New research from Technion, Google Research, and Apple shows that large language models (LLMs) have a deeper understanding of correctness than expected.
A major issue with large language models (LLMs) is the tendency to generate outputs that are erroneous or meaningless, often referred to as the "hallucination" phenomenon. The term "hallucination" does not have a common definition and encompasses a range of LLM failures.
In this latest study, the researchers adopt a broad interpretation: that is, they consider hallucination to be all errors produced by LLMs, including factual mistakes, biases, and other real-world errors.
Most previous research has focused on analyzing the external behavior of LLMs and how users perceive these errors, while this new study investigates the inner workings of LLMs, specifically the "correct answer tokens" - the response tokens that, if modified, would change the accuracy of the answer - to assess the accuracy of the outputs.
The researchers conducted experiments on four variants of the Mistral 7B and Llama 2 models across 10 datasets, finding that information related to output accuracy is concentrated in the correct answer tokens. They discovered that training classification models to predict features related to the accuracy of the outputs significantly improves error detection.

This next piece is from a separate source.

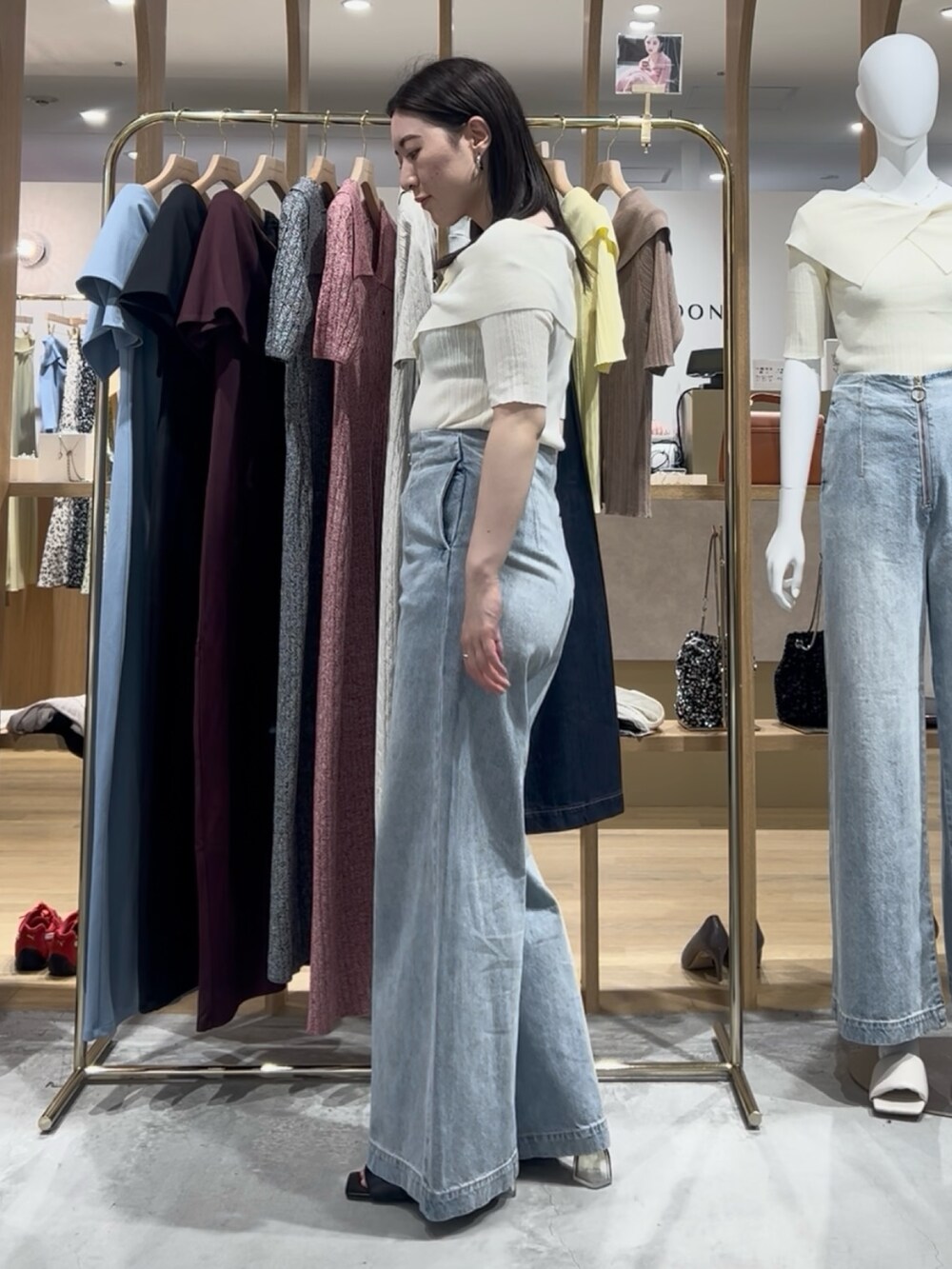 ホワイト系のニット/セーター、ブルー系のデニムパンツ、ブラック系のサンダルを着用したレディースの春コーディネートの2枚目の写真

"These patterns are consistent across nearly all datasets and models, suggesting a common mechanism by which LLMs encode and process accuracy during text generation," the researchers stated.
To predict "hallucination," the researchers trained "probing classifier" models to predict features related to the correctness of the generated outputs based on the internal activities of the LLM. Training these models on the "correct answer tokens" significantly improved error detection.
They also investigated whether a discovery-trained classifier on one dataset could detect errors in other datasets and found that these classifiers do not generalize across different tasks, but can generalize within tasks that require similar skills.
Additional experiments showed that the probing classifiers can predict not only the presence of errors but also the type of error the model is likely to make. This finding suggests that the internal activities of the model can correctly identify the right answer, but the model often generates the wrong answer. This indicates that current evaluation methods may not accurately reflect the true capabilities of these models.
Finally, the findings suggest that current evaluation methods may not accurately reflect the true capabilities of LLMs. Understanding and better leveraging the internal knowledge of these models could significantly reduce errors.
The research findings could help design better systems to mitigate hallucination. However, the techniques it uses require access to the internal representations of the LLM, which is primarily feasible for open-source models.
Leading AI labs like OpenAI, Anthropic, and Google DeepMind have been working on various techniques to interpret the inner workings of language models. These studies may help build more reliable systems.